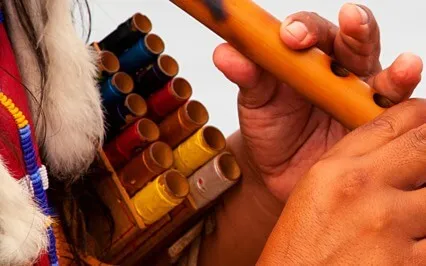 Sound Healing - Meditación para Dormir y Relajar con Flauta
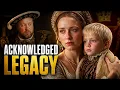 Bessie Blount The Mistress Who Gave Henry VIII The Heir He Wanted Tudor HIstory Documentary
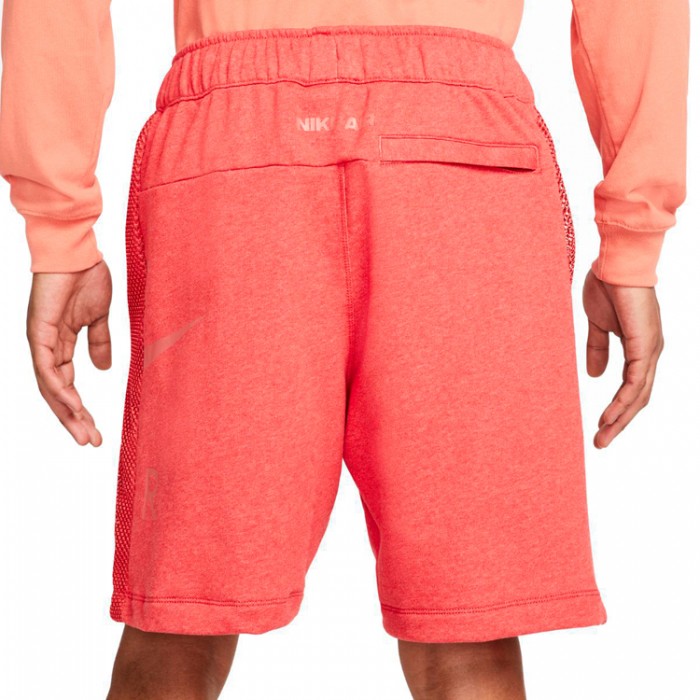Шорты Nike M NSW AIR FT SHORT DM5211-662 - 4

> [Exercise]: No picture belongs in the copy; return the rest of the listing exactly.

> [Written answer]:
 Sound Healing - Meditación para Dormir y Relajar con Flauta
 Bessie Blount The Mistress Who Gave Henry VIII The Heir He Wanted Tudor HIstory Documentary
Шорты Nike M NSW AIR FT SHORT DM5211-662 - 4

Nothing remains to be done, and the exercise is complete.